Jonathan Edwards On Why Free Will Is Not Virtuous

shop_Freedom-of-the-WillNext week I’m teaching some A-level RE & Philosophy students on free will and theological determinism. Some of the best stuff I’ve read on this comes from 18th c. New England Puritan, Jonathan Edwards. His book, Freedom of the Will, addresses the Arminian position that claims that for a choice to be meaningful it must be free. They argued that the will must be ‘indifferent’ – i.e. free from any prepossessed bias if the will was to be truly self-determining. Edwards ruthlessly prosecutes this line of thinking and demonstrates that no decision is perfectly ‘free’; what’s more, if it were it would not be a virtuous thing. Here he is in his own words (taken from Part 3, section 6):

“If indifference belongs to liberty of will, as Arminians suppose, and it be essential to a virtuous action that it be performed in a state of liberty, as they also suppose, it will follow, that it is essential to a virtuous action that it be performed in a state of indifference.”

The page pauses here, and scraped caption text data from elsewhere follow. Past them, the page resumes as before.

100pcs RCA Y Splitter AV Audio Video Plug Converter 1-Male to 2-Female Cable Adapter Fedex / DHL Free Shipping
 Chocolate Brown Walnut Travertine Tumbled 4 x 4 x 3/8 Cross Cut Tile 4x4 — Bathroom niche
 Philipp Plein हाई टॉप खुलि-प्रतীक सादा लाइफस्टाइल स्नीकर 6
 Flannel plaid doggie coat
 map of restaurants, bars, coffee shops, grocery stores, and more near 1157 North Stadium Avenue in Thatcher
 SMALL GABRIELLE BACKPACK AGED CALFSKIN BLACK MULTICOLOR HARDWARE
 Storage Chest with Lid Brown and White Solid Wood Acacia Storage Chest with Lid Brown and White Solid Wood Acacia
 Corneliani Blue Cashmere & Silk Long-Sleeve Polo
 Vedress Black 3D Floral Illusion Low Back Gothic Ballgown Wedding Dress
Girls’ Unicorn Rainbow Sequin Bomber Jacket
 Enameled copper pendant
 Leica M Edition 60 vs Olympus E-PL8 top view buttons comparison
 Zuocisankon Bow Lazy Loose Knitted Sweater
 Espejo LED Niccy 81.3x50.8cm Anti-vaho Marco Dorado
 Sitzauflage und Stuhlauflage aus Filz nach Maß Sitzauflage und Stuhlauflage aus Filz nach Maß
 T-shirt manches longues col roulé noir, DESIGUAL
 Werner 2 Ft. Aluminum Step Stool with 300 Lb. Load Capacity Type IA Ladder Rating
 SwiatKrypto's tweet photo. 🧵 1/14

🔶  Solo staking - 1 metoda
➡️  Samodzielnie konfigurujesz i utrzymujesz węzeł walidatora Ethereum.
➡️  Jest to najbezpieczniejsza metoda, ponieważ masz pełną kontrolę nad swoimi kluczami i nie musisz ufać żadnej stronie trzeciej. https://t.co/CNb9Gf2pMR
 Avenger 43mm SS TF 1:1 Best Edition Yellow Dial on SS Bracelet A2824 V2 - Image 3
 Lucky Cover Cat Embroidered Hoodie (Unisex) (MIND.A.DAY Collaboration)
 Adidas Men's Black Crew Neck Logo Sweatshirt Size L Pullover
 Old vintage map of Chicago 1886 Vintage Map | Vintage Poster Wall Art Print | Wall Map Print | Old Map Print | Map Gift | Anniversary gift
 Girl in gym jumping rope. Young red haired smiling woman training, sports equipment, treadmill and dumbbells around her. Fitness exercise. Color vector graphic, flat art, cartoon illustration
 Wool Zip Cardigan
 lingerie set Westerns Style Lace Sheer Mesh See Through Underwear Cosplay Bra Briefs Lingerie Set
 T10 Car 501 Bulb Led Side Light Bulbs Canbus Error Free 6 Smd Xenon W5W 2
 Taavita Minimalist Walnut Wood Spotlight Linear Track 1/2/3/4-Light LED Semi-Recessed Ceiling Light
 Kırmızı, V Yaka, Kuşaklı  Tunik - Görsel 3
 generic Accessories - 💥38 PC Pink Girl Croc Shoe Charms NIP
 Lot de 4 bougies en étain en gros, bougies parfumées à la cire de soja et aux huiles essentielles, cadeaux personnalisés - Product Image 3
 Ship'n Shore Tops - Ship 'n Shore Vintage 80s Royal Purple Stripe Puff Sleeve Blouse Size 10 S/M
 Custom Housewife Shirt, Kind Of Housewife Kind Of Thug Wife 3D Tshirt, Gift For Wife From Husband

“If the action [argues the Arminian] be determined by a preceding act of choice, it cannot be virtuous; because the action is not done in a state of indifference.”

“But, if there be any acts which . . . spring immediately from perfect indifference and coldness of heart, they cannot arise from any good principle or disposition in the heart; and consequently, according to common sense, have no sincere goodness in them, having no virtue of heart in them.”

“the Arminian scheme of liberty is utterly inconsistent with the being of any such things as either virtuous or vicious habits or dispositions. If liberty of indifference be essential to moral agency, then there can be no virtue in any habitual inclinations of the heart.”

“But how plainly contrary is this to the universal sense of mankind, and to the notion they have of sincerely virtuous actions, which is, that they are actions which proceed from a heart well disposed and inclined; and the stronger and the more fixed and determined the good disposition of the heart, the greater the sincerity of virtue, and so the more of the truth and reality of it.

In sum Edwards is saying that if you want free will in its purest form then that will must be at total liberty – utterly indifferent to prior influence or disposition. And if this is the case then at any point we are ‘as near to choosing as refusing’ with each possibility equal in likelihood. So to choose repentance and faith is not virtuous as you could as likely have chosen the contrary. Edwards does believe in a type of liberty – not the liberty of indifference, but what has sometimes been termed the ‘liberty of spontaneity’. In other words, the liberty to act in accordance with your disposition and prepossessed bias. Original sin means our bias is away from God and toward sin which is why we need his grace to restrain and transform. When we have been regenerated our wills are now inclined toward obedience, and our works, performed in union with Christ, the power of the Spirit, and to a God glorifying end are truly virtuous.